|Halliburton Company (HAL), V.F. Corporation (VFC), Stryker Corporation (SYK), McCormick & Company (MKC) & Becton, Dickinson & Company (BDX) Option Activity|
The first trading week of 2017 sure was busy for me. Throughout the first week I had a total of 14 different option moves. Last week, I covered all of the ones that were closed during the first week. Now it's time to go over the 5 options opened last week that are currently still open.
Halliburton Company (HAL) - Sell to Open Call Option
I typically prefer to sell put options rather than call options; however, with Halliburton I make an exception. As I'm sure you're aware I acquired these shares via the employee stock purchase plan while employed at Halliburton.
I have to be a bit more conservative with selling call options on these shares because of the way that taxes are handled for shares purchased via an ESPP program. Essentially you need to make sure you turn a profit higher than the discount you received or you could be paying taxes on "income" you didn't actually receive since you suffered a "loss". For more information on ESPP taxation check out this post.

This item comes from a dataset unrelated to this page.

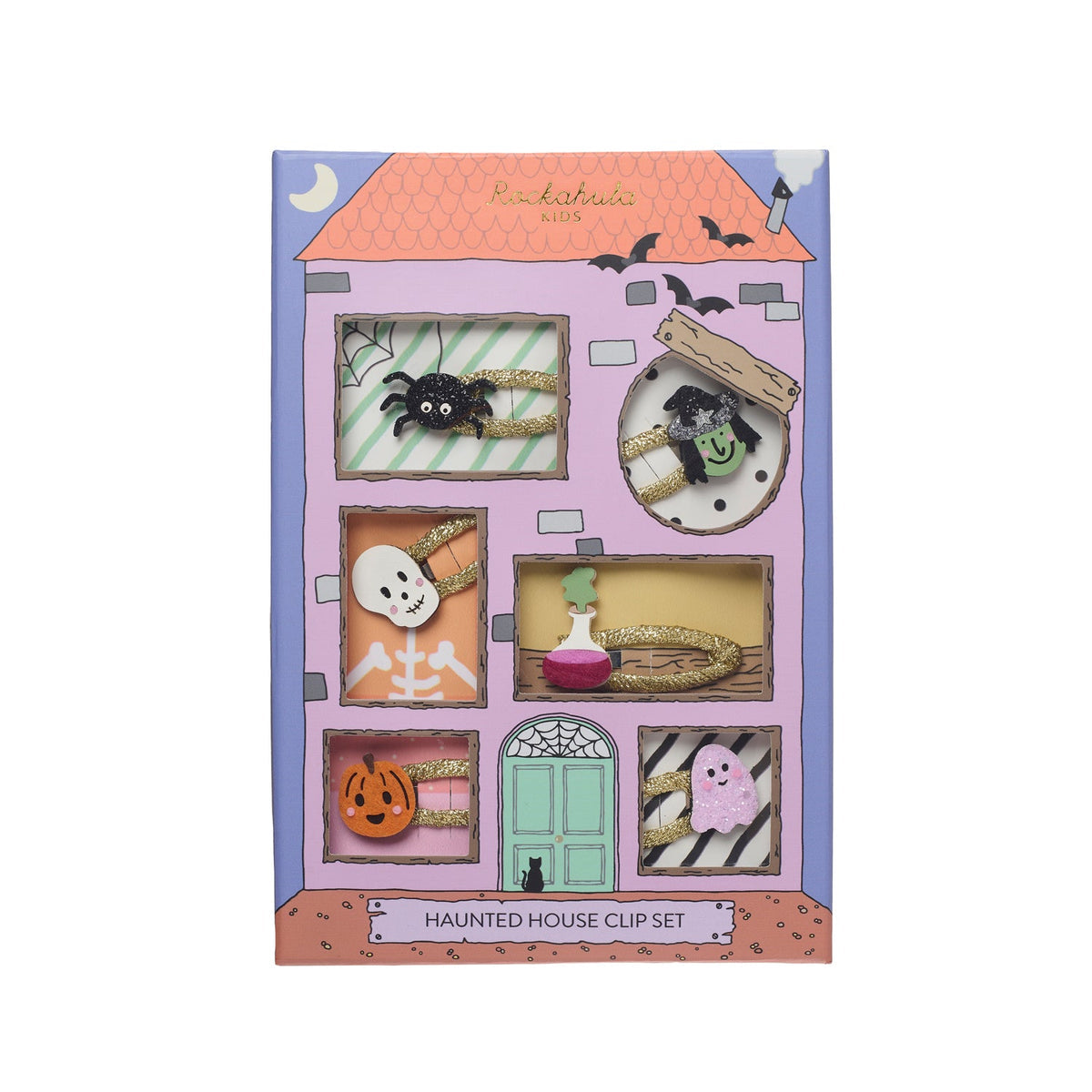Haunted House Hair Clip Set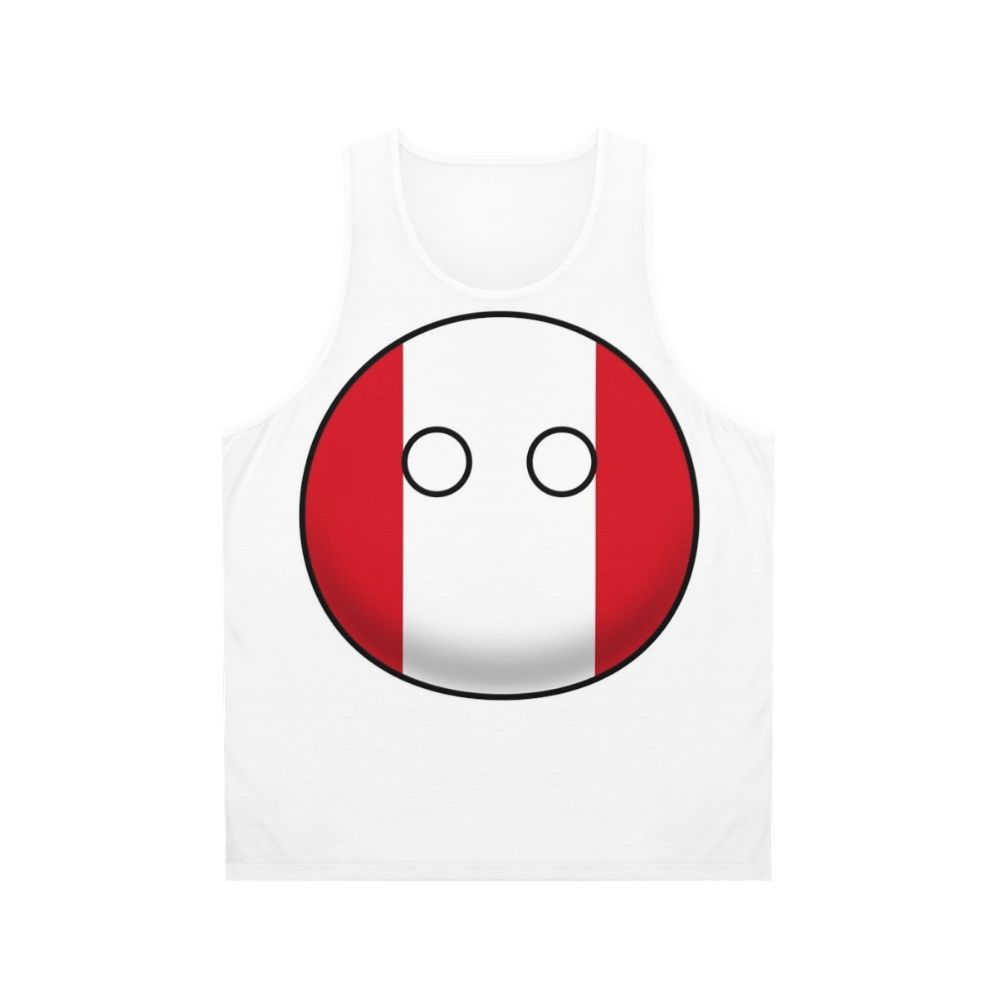 Peru Countryball Unisex Tank Top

|Halliburton Company (HAL) Jan 20, 2017 Call Option - Opened|
If the share price of Halliburton climbs above $58 then I'll have to sell 100 shares of Halliburton at that price. However, since I already received the option premium my effective sale price would be the strike price PLUS the option premium or $58.54. At the time the contract was written Halliburton's share price was trading at $55.68. That would be a solid 5.14% gain in about 2.5 weeks or 193.4% on an annualized basis.

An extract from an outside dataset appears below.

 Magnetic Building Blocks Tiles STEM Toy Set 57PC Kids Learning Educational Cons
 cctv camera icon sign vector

V.F. Corporation (VFC) - Sell to Open Put Option
I currently have a put option on V.F. Corporation that is open and in the money with a strike price of $55. There's only about 2 weeks left until expiration so time will tell if that stays in the money. I decided to go back to V.F. Corporation once again and sell another put option this time with a much lower strike price.
|V.F. Corporation (VFC) Feb 2017 Put Option - Opened|
The valuation at that purchase price looks pretty good. For the most recent year, which ended 12/31/2016, shares would be trading at a 15.64x valuation based on the analyst estimates. On a forward basis analysts expect V.F. Corporation to earn $3.41 for the current year putting the valuation at just 14.35x. The yield on cost at that purchase price would be 3.43%.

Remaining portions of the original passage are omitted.